It’s a job that Fleming has been doing for over two decades now. He’s been there through it all, from the early ‘90s neon of the Goa trance scene, through the huge peaks of the Superclub regimes such as Gatecrasher and Godskitchen, to the trickier times of late when the credibility bubble has well and truly burst. He’s always been passionate and takes his job very seriously but the explosion of commerciality, particularly within the trance world, has led to frustration at the dilution of the art.

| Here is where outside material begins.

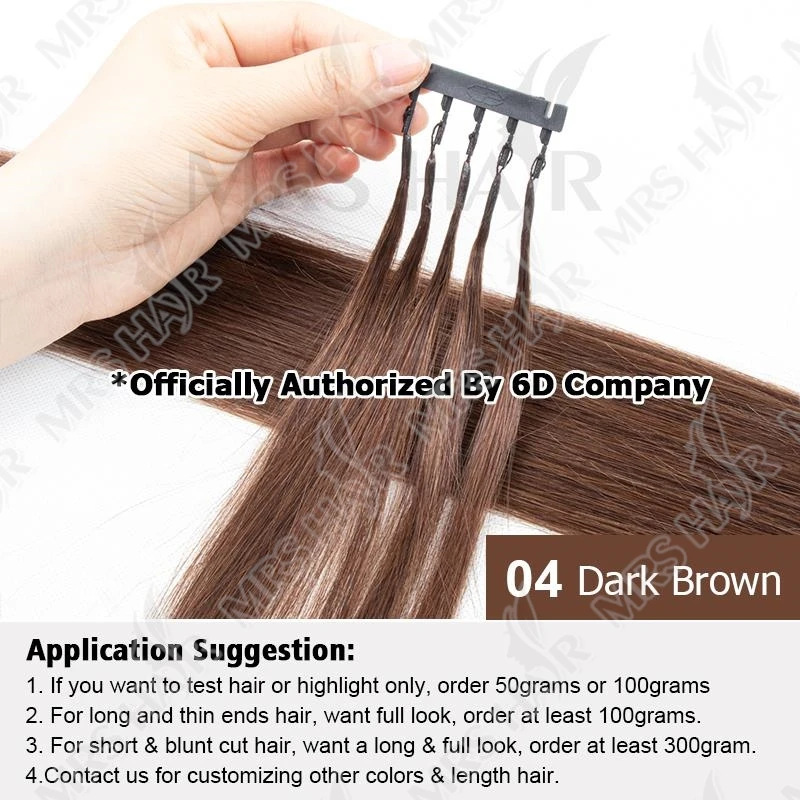 MRS HAIR Estensioni dei capelli 6D Capelli umani Non Remy 6D2 Estensioni dei capelli Micro minuscole punte metalliche invisibili Legami alla cheratina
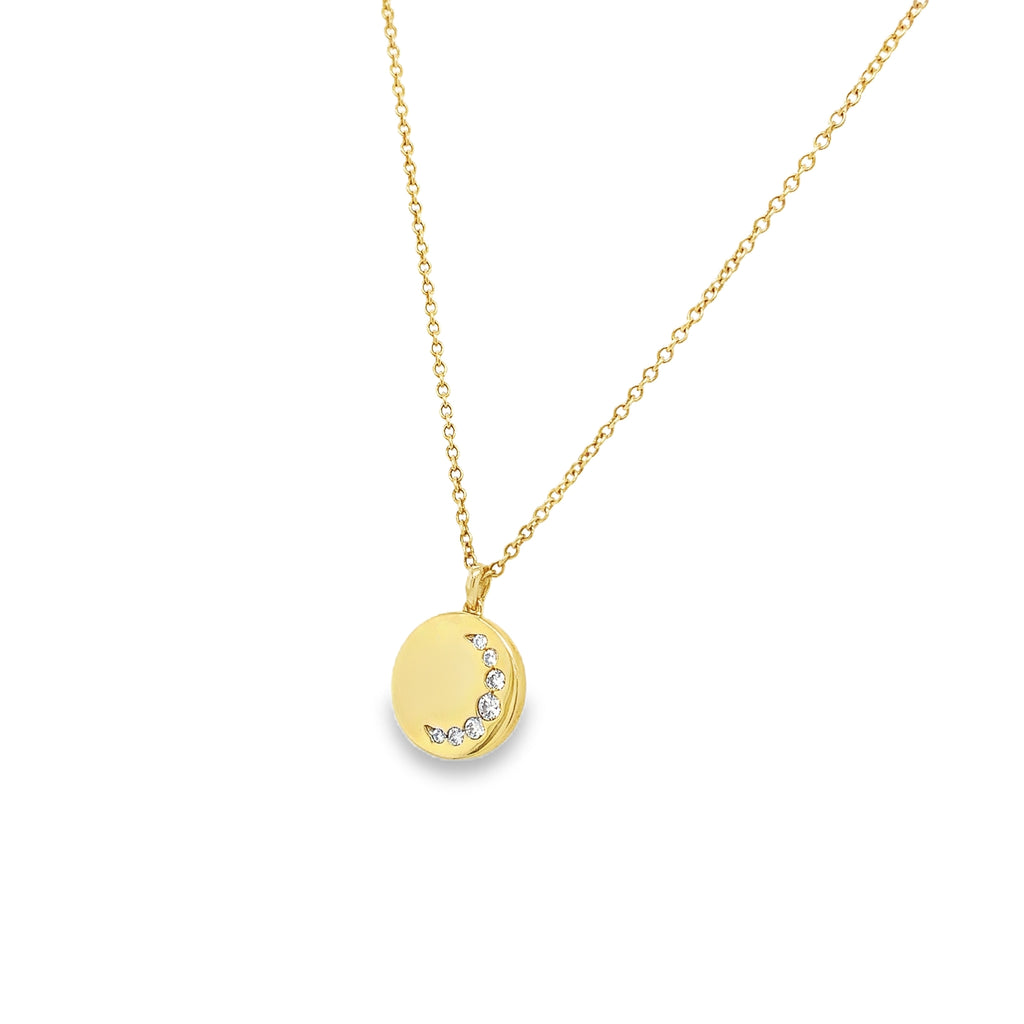 Memoire Diamond Luna Crescent Medallion Necklace in 18Kt Yellow Gold - Image 1 of 11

“I was losing that job as a DJ to analyse and work the crowd, to experiment and explore new music and test it out on the dance floor. The way the scene went, it was super commercial, you were just a human jukebox going on autopilot playing the big hits the crowd want. I’m not that type of DJ. Good luck to those guys if they’re enjoying it. I’m more of a traditional DJ, I want to work the crowd, I spend all week, day in, day out, researching and finding new music and I can’t wait to test it out on the dancefloor. Whereas the other guys, they’re kind of marketing machines, they’re mini-concerts where they’re just playing their own tracks. What they do, they’ve got no need to research as people are just there to see them.”

So what about those ‘other guys’, the ones who want to be at the centre of attention? Has there been any reaction against his opinions? “To be honest I’m mates with a lot of them,” he says. “I think they’re aware of what they’re doing, hence why there’s no backlash. I don’t want to mention any names, but when I speak to them you can tell there’s just a bit of uncomfortable embarrassment, almost saying ‘I’m sorry for how I’m crushing your specialist scene,’ but those words are never spoken.”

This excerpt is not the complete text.